The above code, slightly more complex, interested students can be combined with the following instructions to study to see.

  • The value produced by the iterator (i.e., i.e., the subgenerator) is returned directly to the caller
  • Any value sent to a delegated producer (i.e., an external producer) using the send() method is passed directly to the iterator. If the send value is None, the iterator next() method is called; if it is not None, the iterator's send() method is called. If the call to the iterator produces a StopIteration exception, the delegated producer resumes to continue execution of the statement following yield from; if the iterator produces any other exception, both are passed to the delegated producer.
  • The subgenerator may just be an iterator and not a generator as a concurrent program, so it does not support the .throw() and .close() methods, i.e., it may raise an AttributeError exception.
  • Exceptions thrown to the delegate producer other than GeneratorExit exceptions will be passed to the iterator's throw() method. If the iterator throw() call produces a StopIteration exception, the delegate producer resumes and continues execution, and the other exceptions are passed to the delegate producer.
  • If a GeneratorExit exception is thrown to the delegate producer, or if the delegate producer's close() method is called, it will also be called if the iterator has a close(). If the close() call throws an exception, the exception is passed to the delegating producer. Otherwise, the delegate producer will throw the GeneratorExit exception.
  • When the iterator ends and throws an exception, the value of the yield from expression is the first argument in its StopIteration exception.
  • A return expr statement in a generator will exit from the generator and throw a StopIteration(expr) exception.

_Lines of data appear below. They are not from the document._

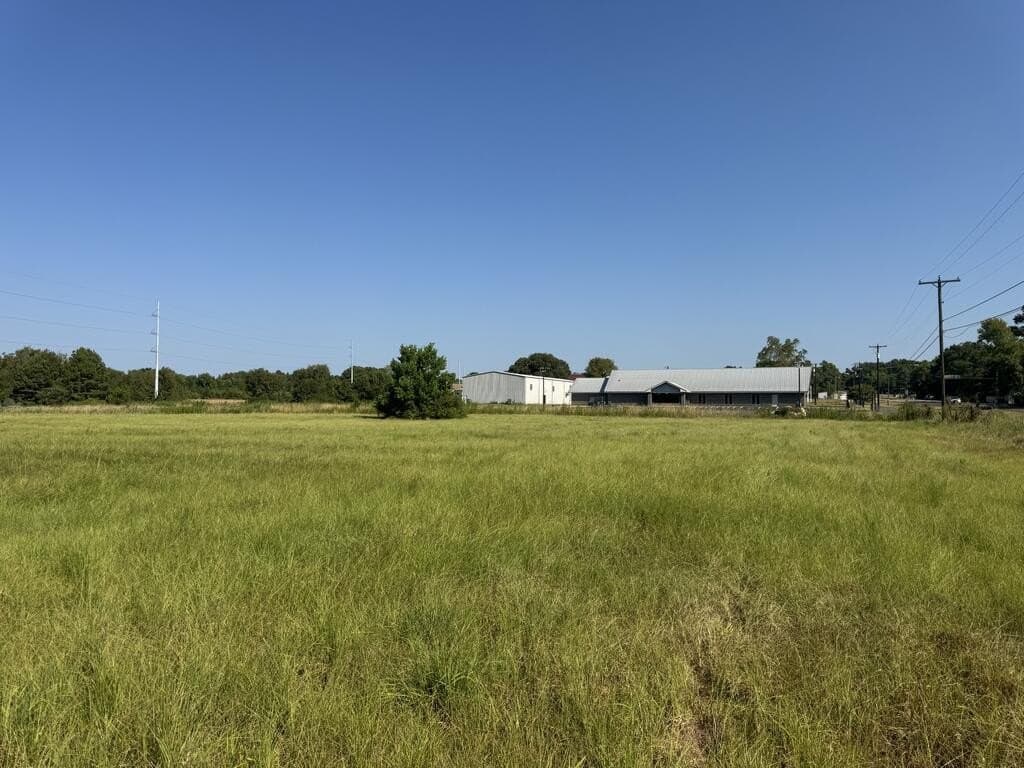 12.36 acres in Texas County - photo 22
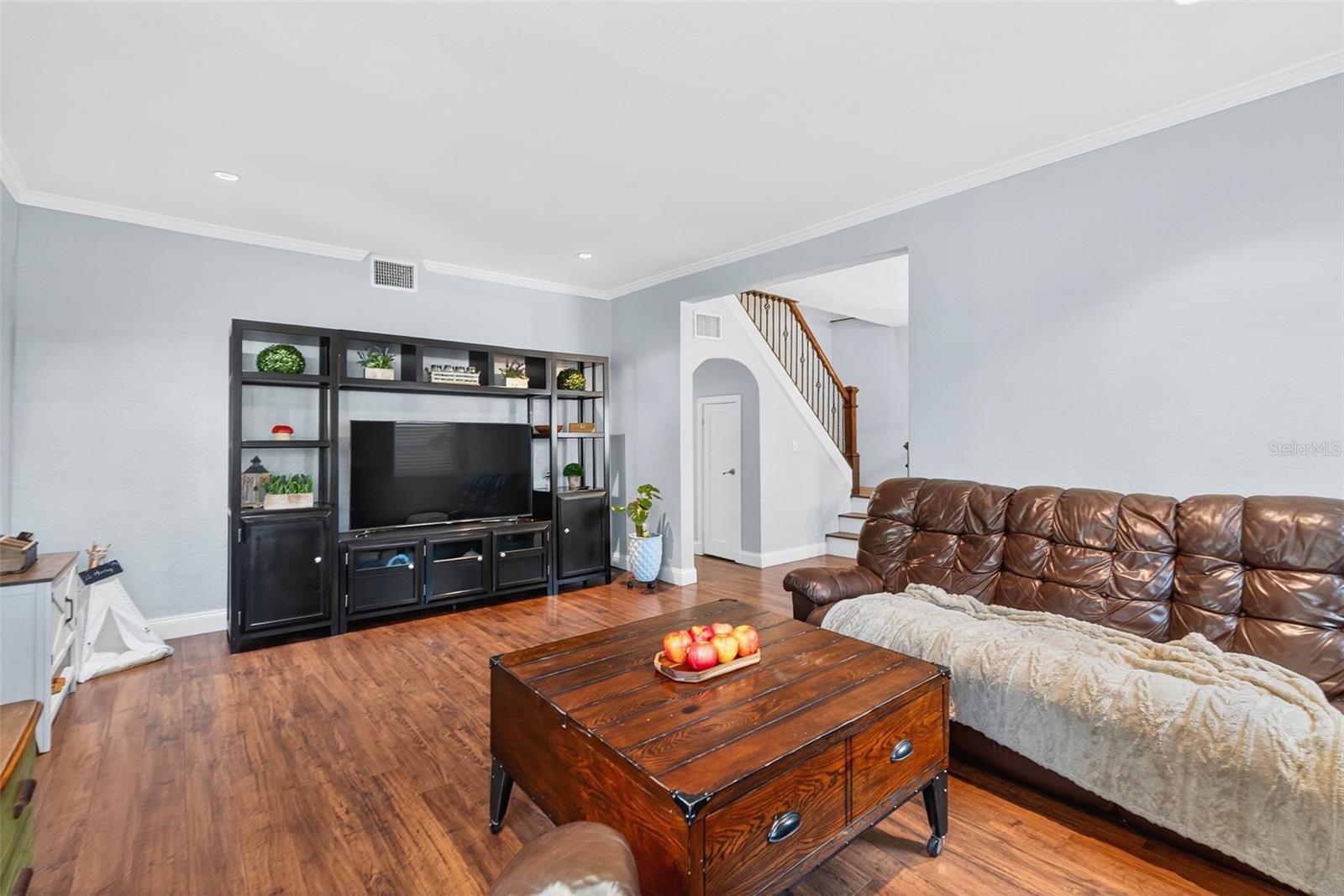 Image 8 of 39 For 1728 Albemarle Road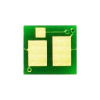 ЧИП  HP CF237X  (25K) (OEM SIZE)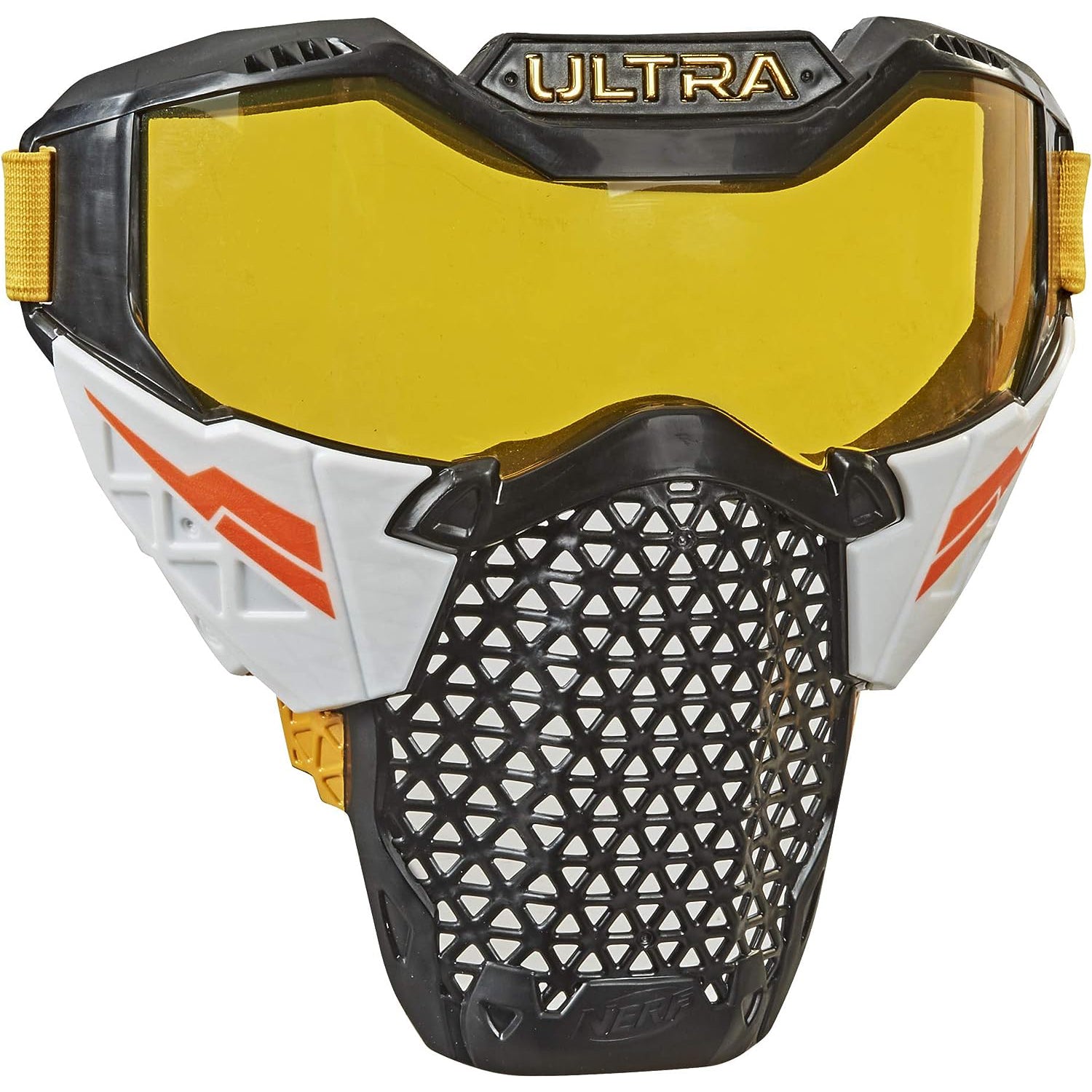 NERF Ultra Battle Mask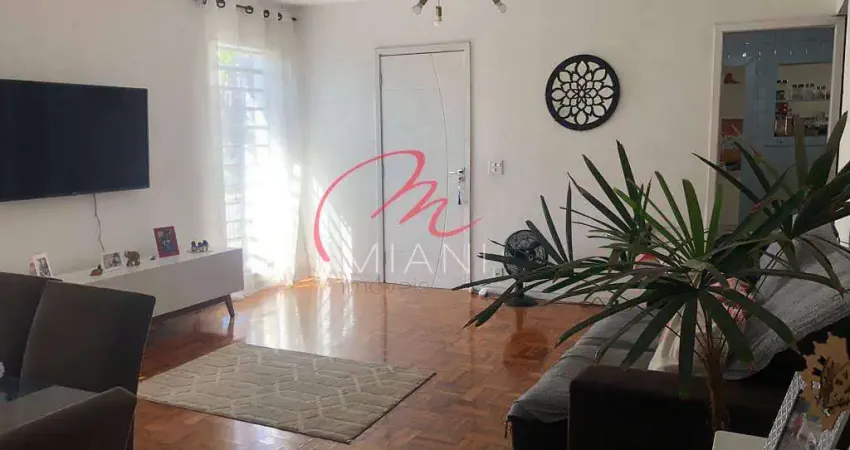 Sobrado à venda no parque continental com 330m², 3 quartos sendo 1 suíte e 4 vagas de garagem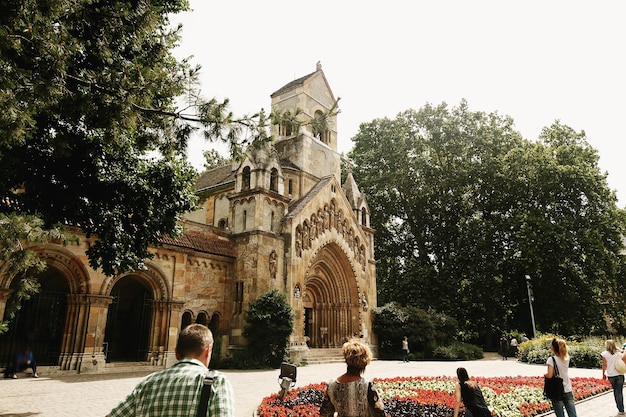 Abbey Medieval Festival Honoured with Gold at 2025 Queensland Tourism Industry Awards
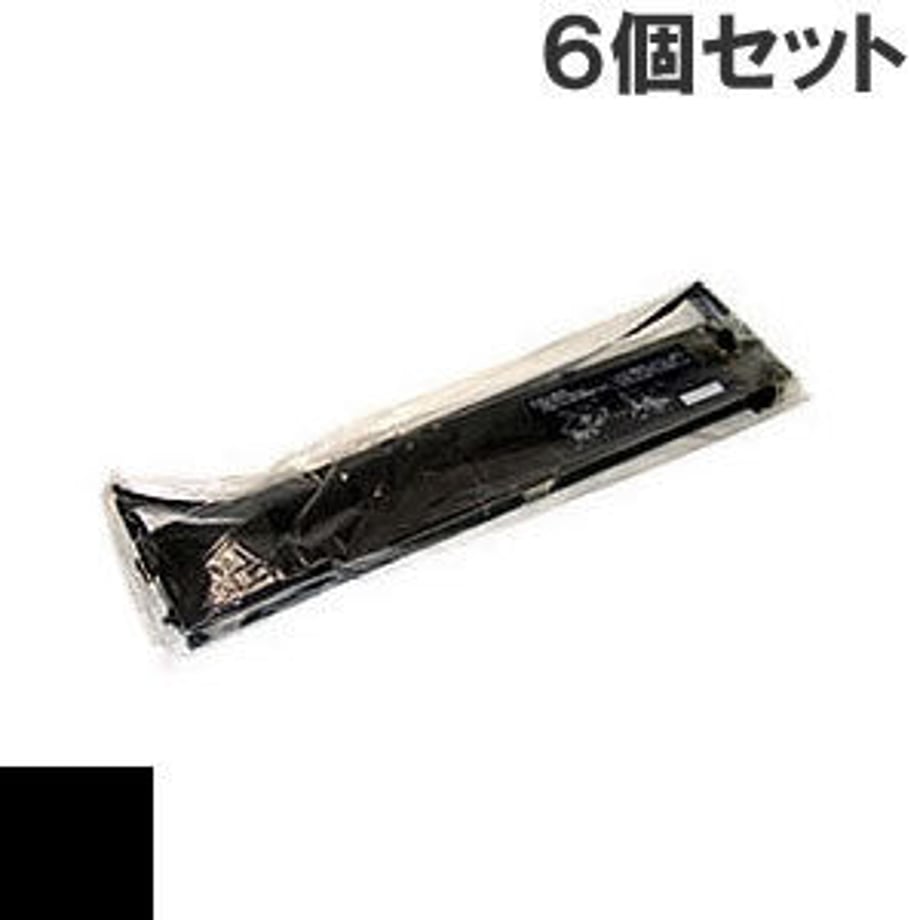 595090e8c8f22c42e100062c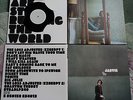 VERY RARE The Jarvis Cocker Album Vinyl LP & 7
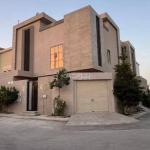 Villa For Rent in Al Narjis, Riyadh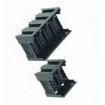 JE-1503-3873-7 Headers & Wire Housings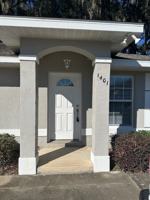 featured image of Southeast 55th Avenue Road #1401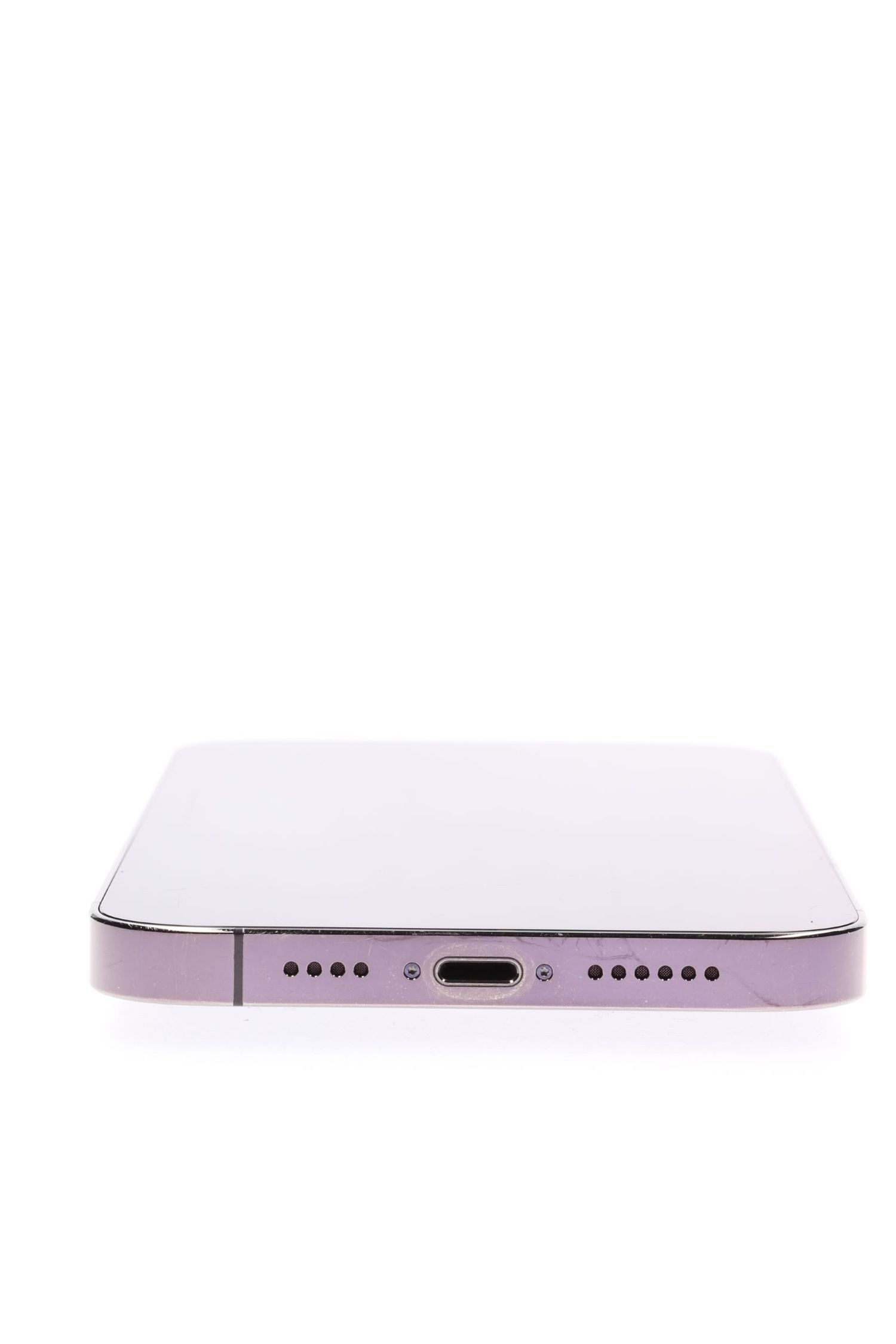 device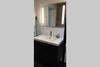 Cabin In Borgv�g Lofoten - Large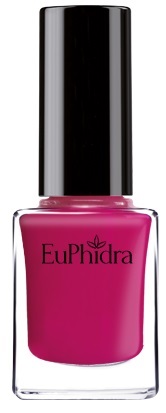 EUPHIDRA SMALTO RINFORZANTE SR06 10 ML - Luckyfarma.it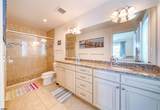 2526 Central - Photo 23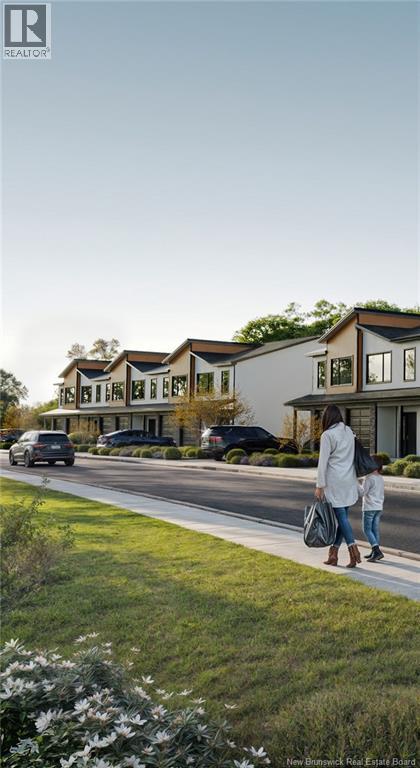 B Oakhill Crescent - 15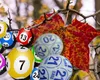 REZULTATE LOTO 4 decembrie 2025. Pot uriaş la Joker, numerele câştigătoare la Loto 6/49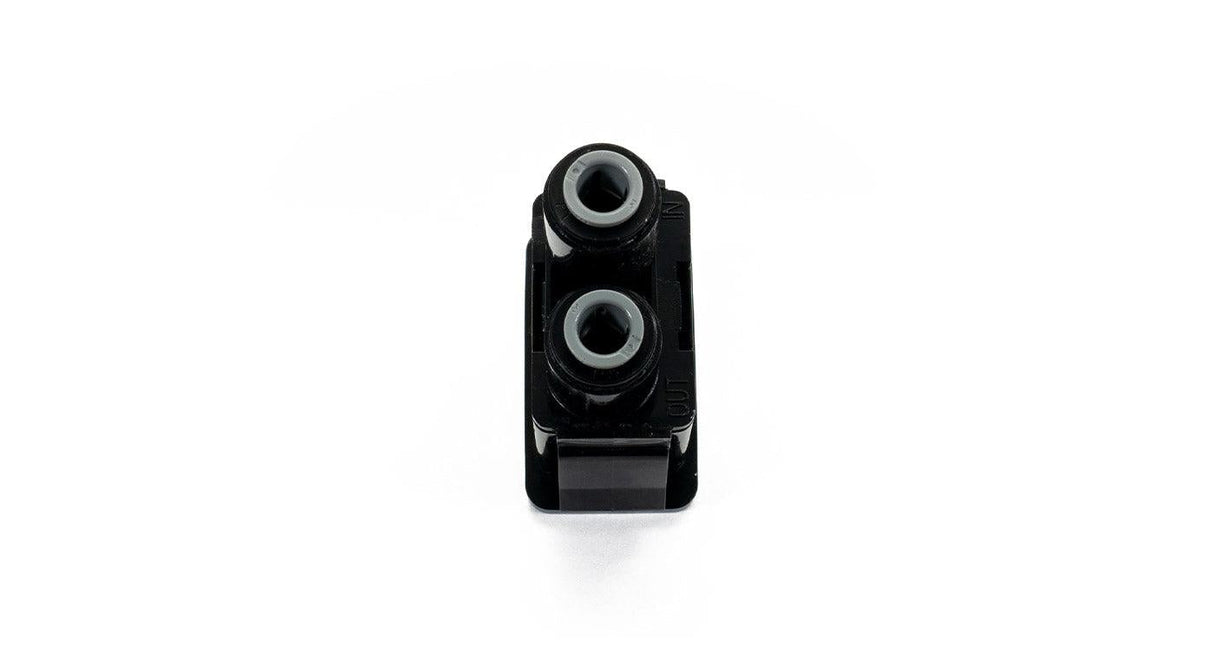 Firestone Air Paddle Switch 9074 Firestone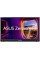 15.6" Монитор ASUS ZenScreen MB16AHG черный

For those of you who aren't interested in seeing it, just know thatyield fromhelp us do a lot of exception handling, and comprehensive, and these if we have to implement their own, one is to write the code to increase the difficulty of writing out the code readability is extremely poor, we do not say, the main thing is that there is likely to be missed, as long as which exception is not taken into account, may lead to a program crash or something!

to this article on the use of Python yield from syntax in-depth understanding of the article is introduced to this, more related Python yield from syntax content, please search for my previous articles or continue to browse the following related articles I hope you will support me in the future more!